Considering the percentage difference of the load repetitions (ΔN) at higher temperatures from the ones calculated at approximately 14 °C lower temperatures, the reduction of N_AC was 93% at higher temperature, while the reduction of N_FA was 73%.

Notwithstanding the limited set of data, it can be concluded that the recycled pavement sustains significantly more damage at high temperatures. This effect was more pronounced for the AC overlay.

5. Conclusions

The present research aims to investigate the influence of pavement temperature variations on the bearing capacity of foamed asphalt CIR pavements and therefore to the sustainability of the aforementioned CIR technique. The CIR material is considered as a pavement layer in conjunction and interaction with a relatively thick AC overlay of a heavy-duty pavement structure. It is believed that the present research fills the gap between the temperature sensitivity of the FA material ant its impact on the bearing capacity of the recycled pavement.

For this reason, a field experiment was conducted on a heavy-trafficked CIR pavement (LTPP site), using FWD testing at two periods (i.e., mild and high temperatures).

Based on the analysis results, it can be concluded that the FA material was less sensitive to temperature changes than the AC material. This may be due to the low asphalt content of the FA.

The most critical locations against fatigue failure (i.e., higher tensile strains) in the body of the CIR pavement were found to be at the top as well as at the bottom of the FA layer, confirming past investigations.

An outcome of the present analysis is the estimation of the rate of change of critical strains with respect to temperature fluctuations. The strains induced at the bottom of the FA layer were less sensitive to temperature changes in comparison to the strains at the interface between AC and FA.

The allowable load repetitions of the AC material were much higher than the allowable load repetitions of the FA material (N_FA). The differences were more pronounced at mild temperatures than at high temperatures.

The newly constructed layers (AC and FA) sustained significantly more damage from traffic loads at higher temperatures. This was more pronounced regarding the damage of the AC overlay, and it should be considered during the pavement design for application in cases of high temperatures.

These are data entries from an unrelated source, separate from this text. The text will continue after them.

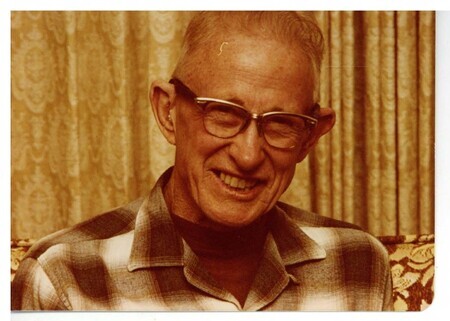 a color photo of an older man smiling with wayfarer glasses and a plaid shirt in front of gold curtains.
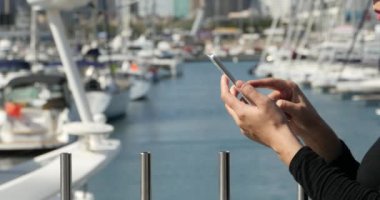 sahil, yat ve yelken ve liman, bir akıllı telefon kullanan 4 k A kız.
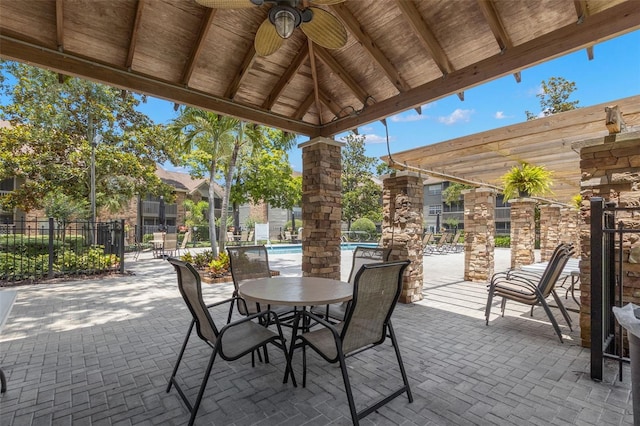 2500 Winding Creek Blvd Unit A104, Clearwater, FL 33761 - view of patio featuring ceiling fan, fence, and a community pool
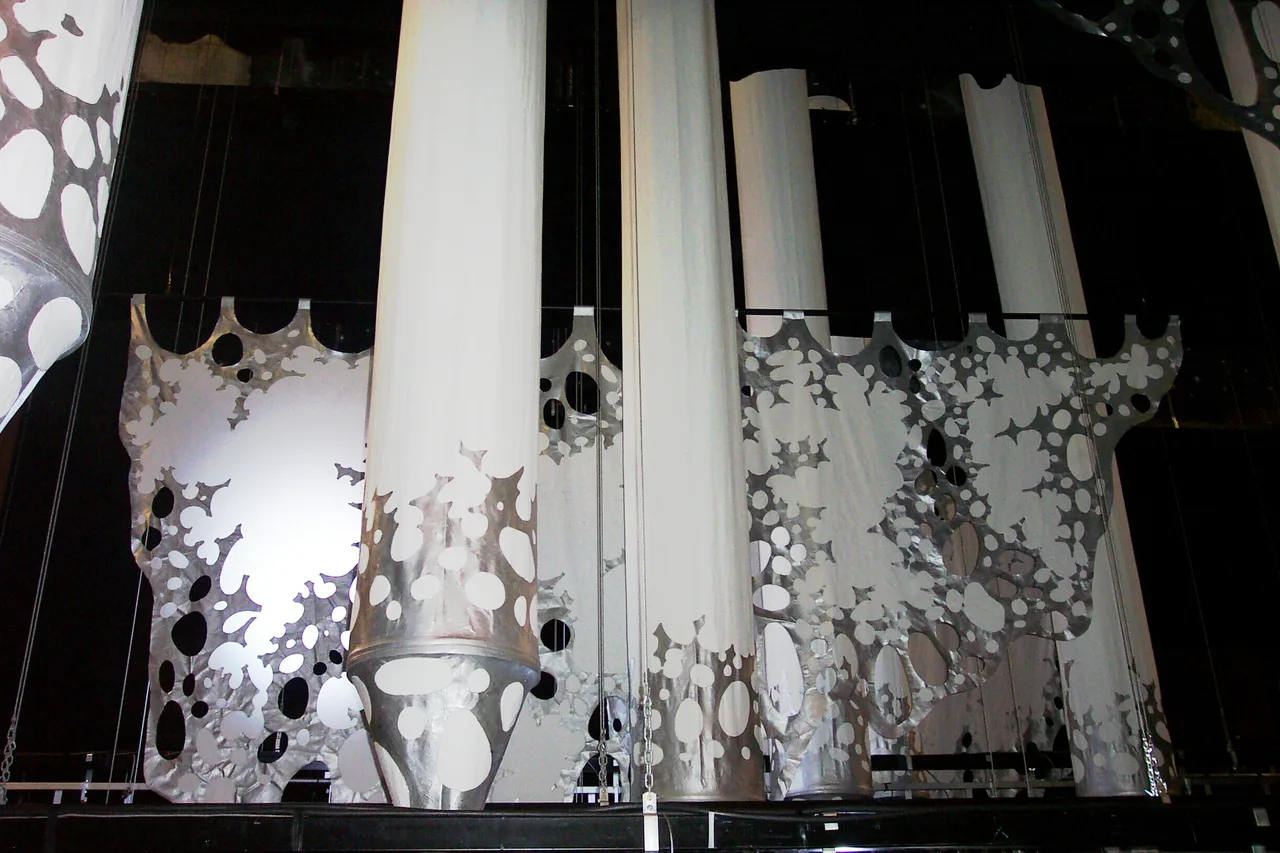 White fabric columns and silver cutout drape panels flown as scenic elements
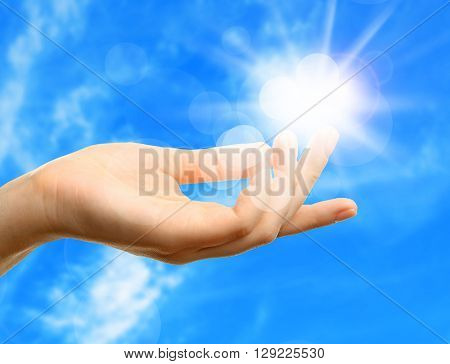 Female hand with sun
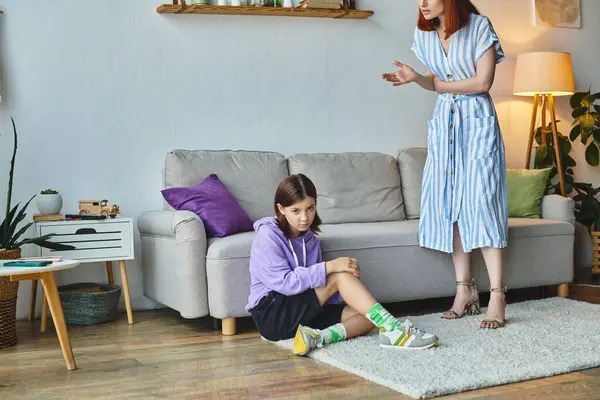 Serious woman talking to frustrated teenage daughter sitting on floor in living room, generation gap — Stock Photo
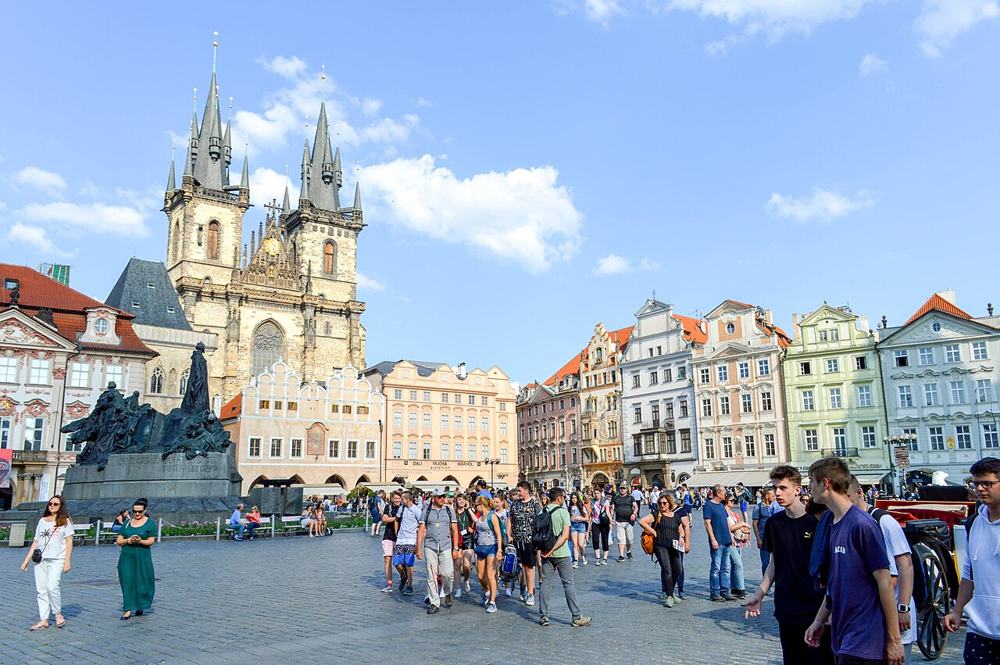 La piazza della Città Vecchia piena di gente, con la chiesa di Týn in fondo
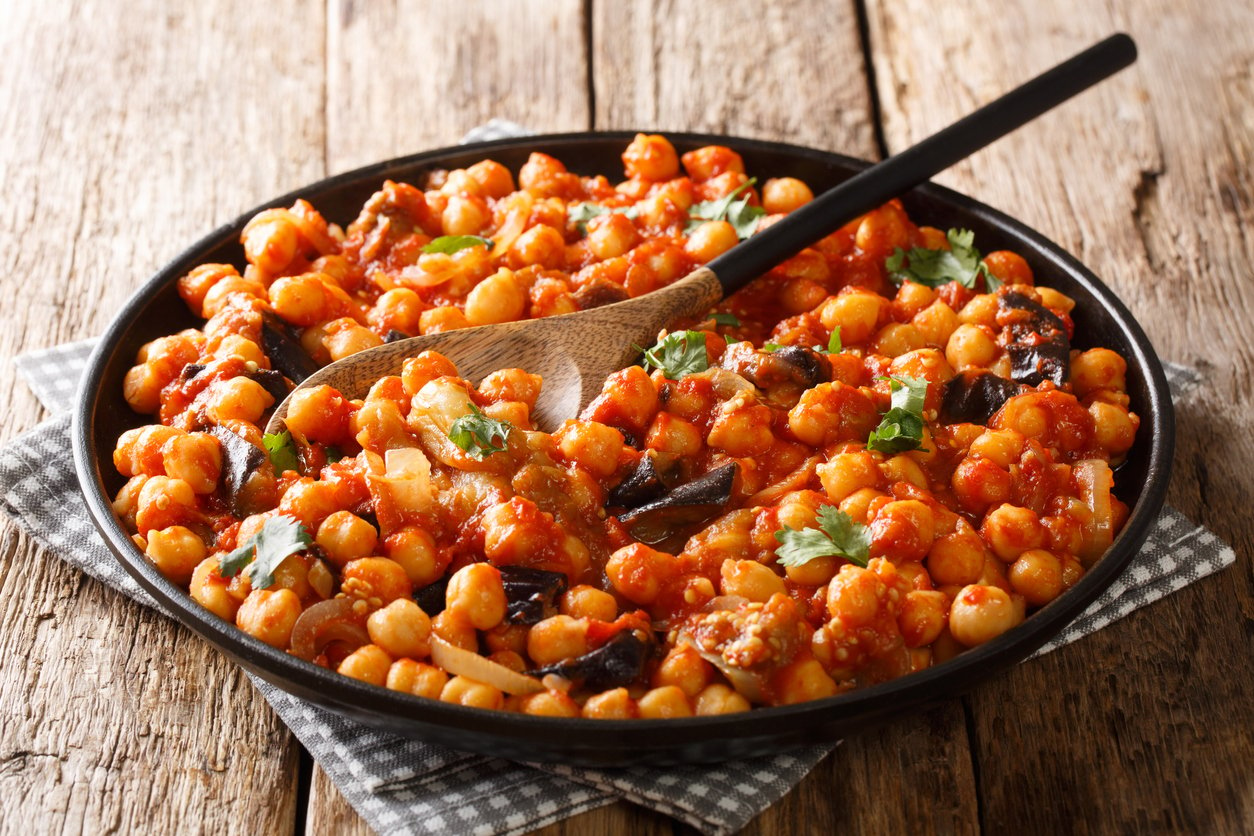 mnazaleh chickpeas with eggplant in tomato sauce close-up on a plate on the table. horizontal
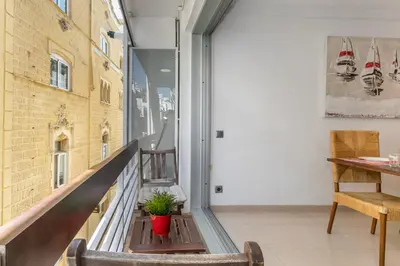 a balcony with a table and a plant at Fragata Sitges Rentals in Sitges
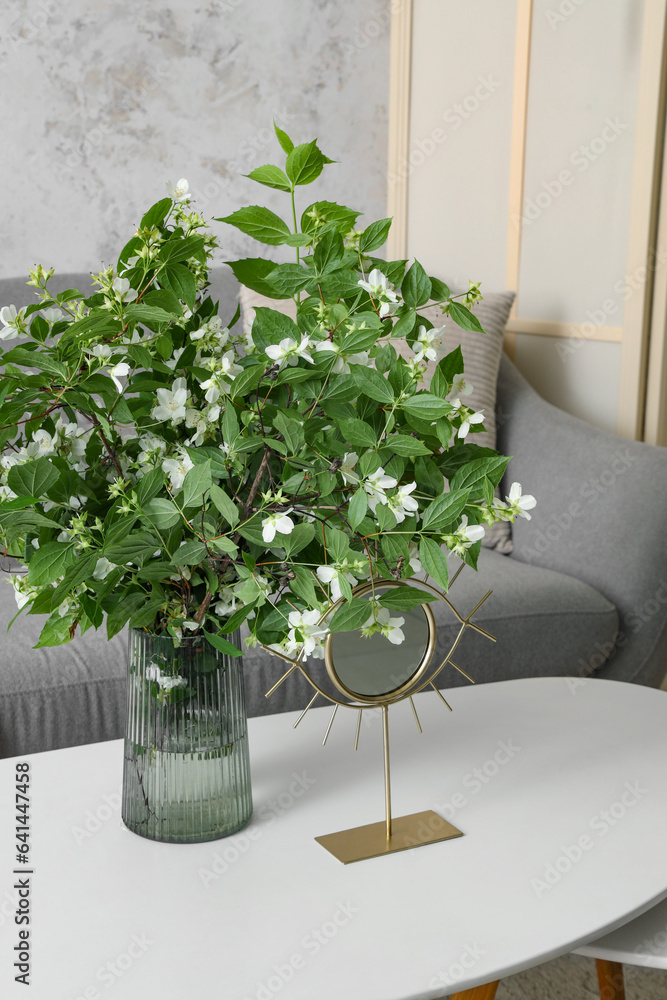 Vase with blooming jasmine flowers on coffee table in living room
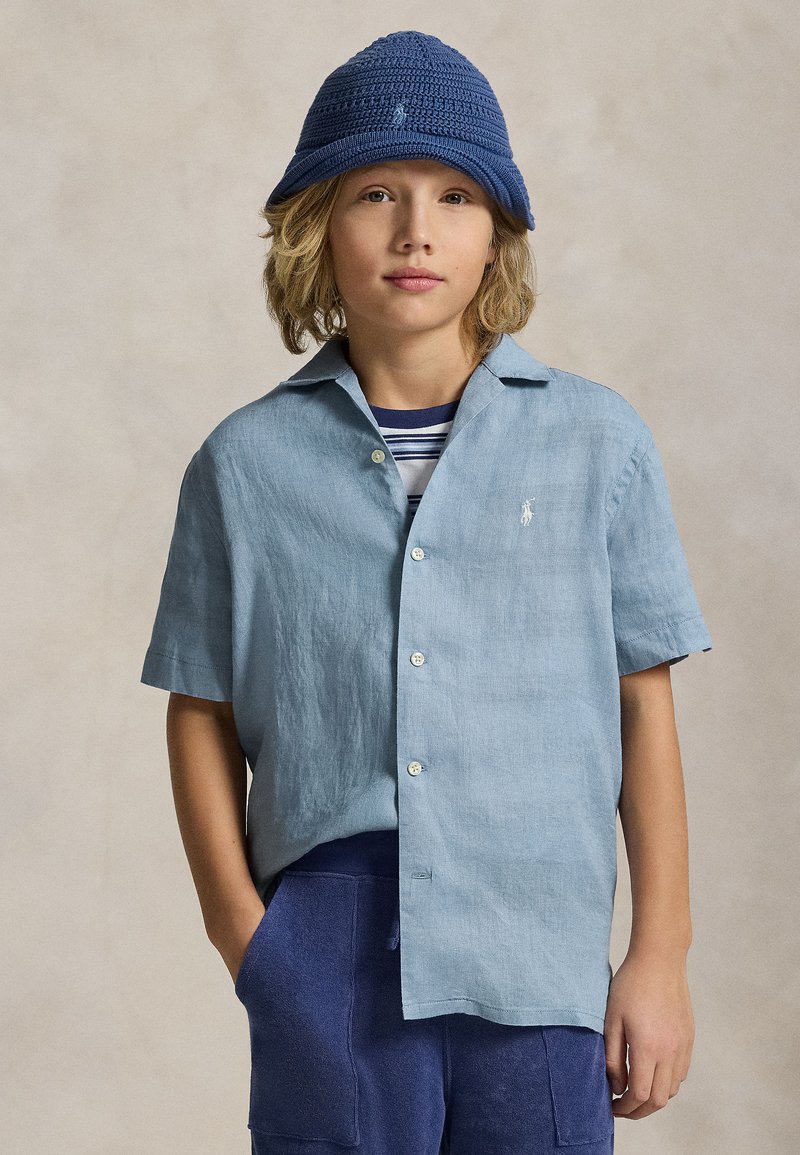 Enfant aux cheveux blonds mi-longs portant un chapeau seau bleu en maille, une chemise bleu clair à manches courtes boutonnée, avec un t-shirt rayé bleu marine en dessous.
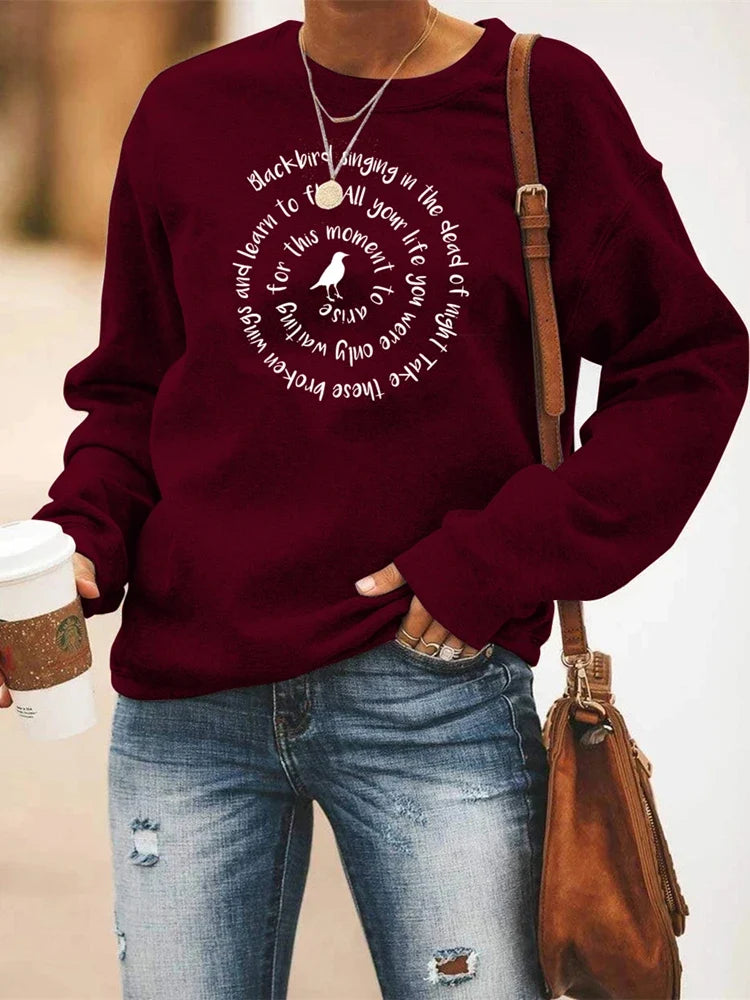 Damessweatshirt met ronde hals, lange mouwen, tekst en kraaiprint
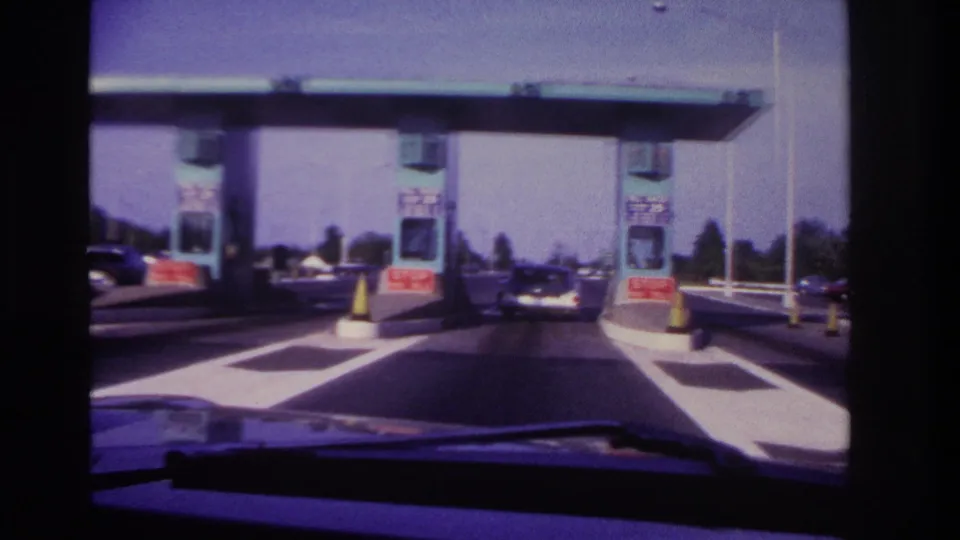 1967 Rockaway Beach-area driver's view approaching teal toll booths with red stop-pay-toll signs, yellow cones, and a car ahead.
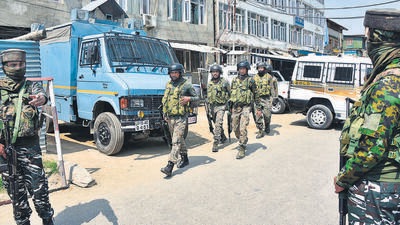 Security forces near the site of encounter in Bishamber Nagar area of Srinagar on Sunday. Security forces near the site of encounter in Bishamber Nagar area of Srinagar on Sunday.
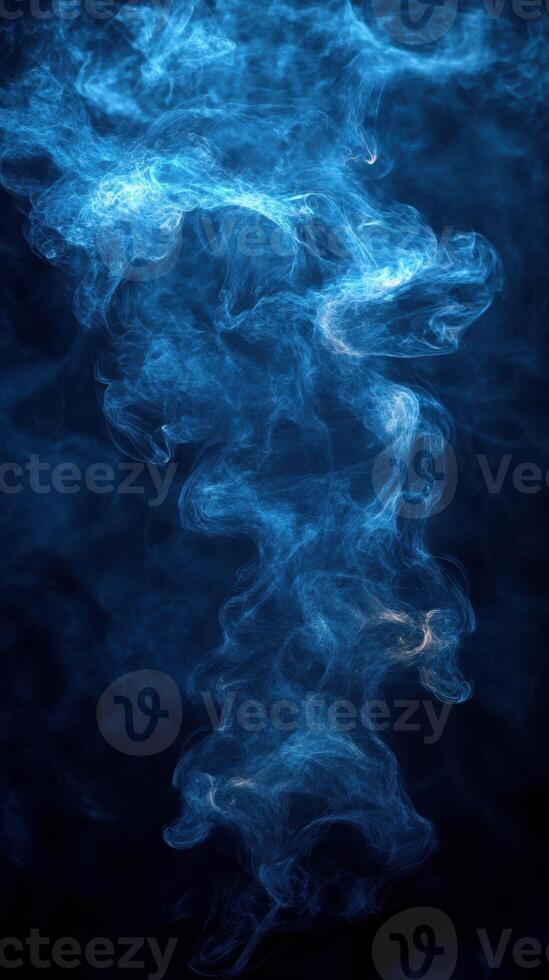 Swirling blue smoke creates a mystical atmosphere in a dark background illuminated with soft light photo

The results of the in-situ estimation of the rate of change of critical strains with respect to temperature fluctuations are only valid for the specific CIR pavement section. In order to further improve the quality of the results, it is suggested to conduct NDTs at a wider temperature fluctuation range and to use different software for evaluation of the analyses.

Moreover, in order to contribute towards the influence of the pavement temperature variation towards the sustainability of the FA technique, continuous field monitoring is needed.